Ants and termites went on attacking despite everything, but just when the gas and gasoline reserves that supported the flames of the flamethrowers were about to run out, the insect tsunami stopped. An unexpected joy began to spread among the ranks of the survivors. Some expressed it almost hysterically, others — more cautious and superstitious — dared not give it a voice. A wise choice as a slight hum anticipated the dragonflies’ arrival.
In a few moments, they took away, torn, and threw down from the tower the defenders who were outside or lurking in the windows. Some of them entered through such windows, wreaking havoc of many humans before being shot down.

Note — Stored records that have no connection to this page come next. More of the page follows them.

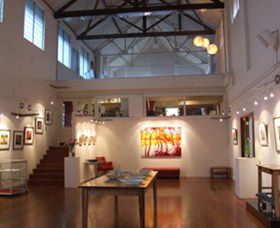 Milk Factory Gallery - Accommodation VIC 2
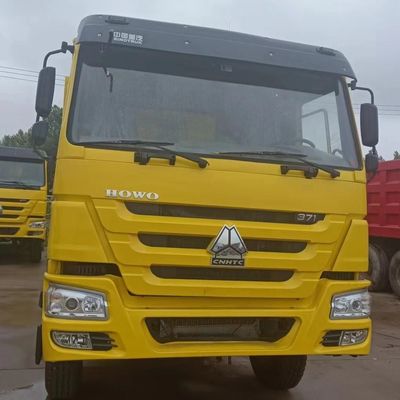 Personalizzazione Usato Sinotruk HOWO 6X4 Truck pesante con volante idraulico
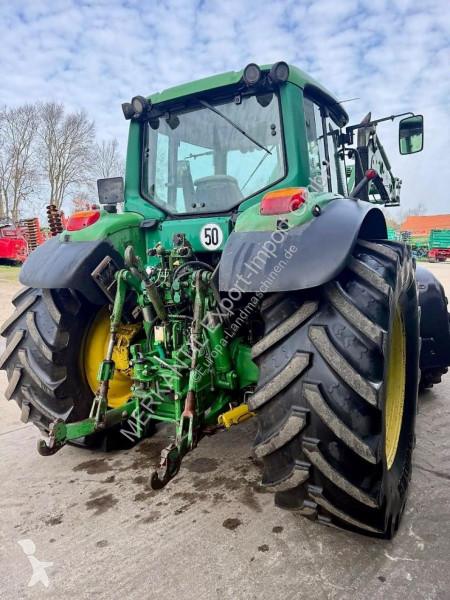 Landbrugstraktor John Deere  6920S + FL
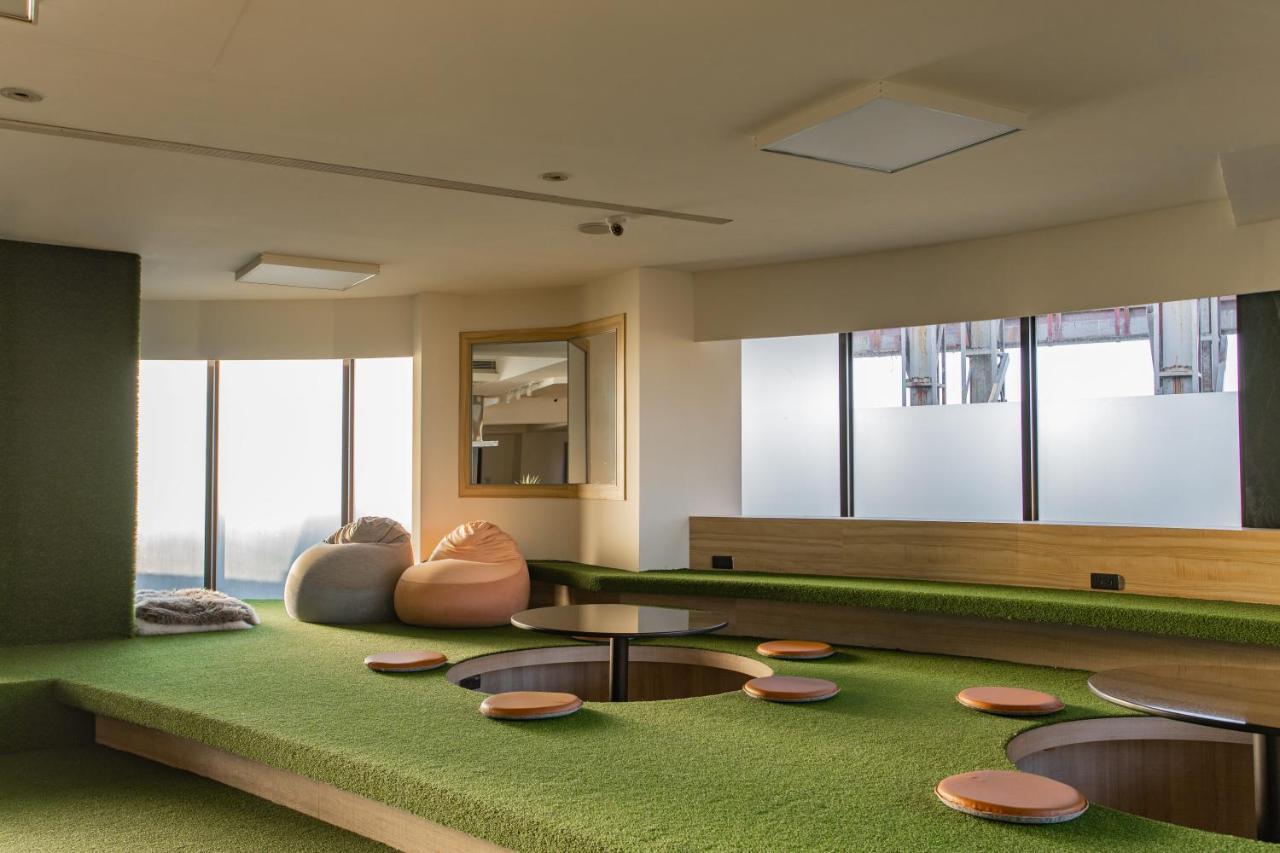 טאיפיי Hub Hotel - Songshan Airport Branch מראה חיצוני תמונה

The defenders closed the windows and sealed them using steel bulkheads, thus trapping themselves inside the tower. They sent the umpteenth requests for help via radio in the hope that aid from the capital could arrive in time when the tower shook and ants began to emerge from under it. Resistance was futile and extermination was absolute.
That was the beginning of the Cambodian Syndrome — also, and more commonly, called Gea’s Revenge — that is, an inexplicable but continuous attack on humankind by insects. It had started with ants but soon many other species of insects had come together in this absurd war and, from that first time in Angkor Wat, their attacks had quickly multiplied, spreading wildly all over the globe.
Insects — and this was an even stranger and crazier thing — not only attacked human settlements but also automated systems which humankind depended upon, such as farms, power plants, plantations and they did so by cutting wires or penetrating inside robots, corroding their circuits.
Many did not resign to the lack of answers for such attacks and pursued and often made up hypotheses — of which unfortunately they were persuaded — such as plots by other states, or by some sect, or by some secret order that had developed a technology capable of controlling insects, or even the long hand of the aliens who, now that we had shrunk, no longer saw any use in us, and so on.
Actually, by that time, the only sure thing — besides the scientific and war effort of all humanity in search of a way to stop these continuous attacks — was the certainty that everyone was going to be attacked sooner or later.
To date, more than three hundred years after the big small step, the most affected states had been India, China with the whole Far East, as well as Indonesia and Australia and in that part of the world only Japan seemed a port more or less secure. Africa had also been devastated, Southern Europe was suffering more than northern Europe. The real tragedy, however, had taken place on the American continent: South and Central America had been completely overwhelmed and humankind entirely swept away from those lands.
Many, indeed almost all the fugitives from such lands had taken refuge in Texas, in Last Flame, perhaps the last stronghold against the advance of the insects that came from the south, destroying every human settlement in their path.
Last Flame had been built, or rather moved, in the middle of the country’s last oil plant and all its defenses were based on it. Eight ditches had been dug around the city where oil burned nonstop. Dozens of oil-powered flamethrowers had been placed between one ditch and another. Every citizen capable of holding a flamethrower had been equipped with it and, for months now, ammunition factories had been operating at full speed as well as those making respirators and gas masks. Yes, because — although virtually impregnable — Last Flame had a problem created exactly by what protected it: the toxicity of the fumes exhaled by oil.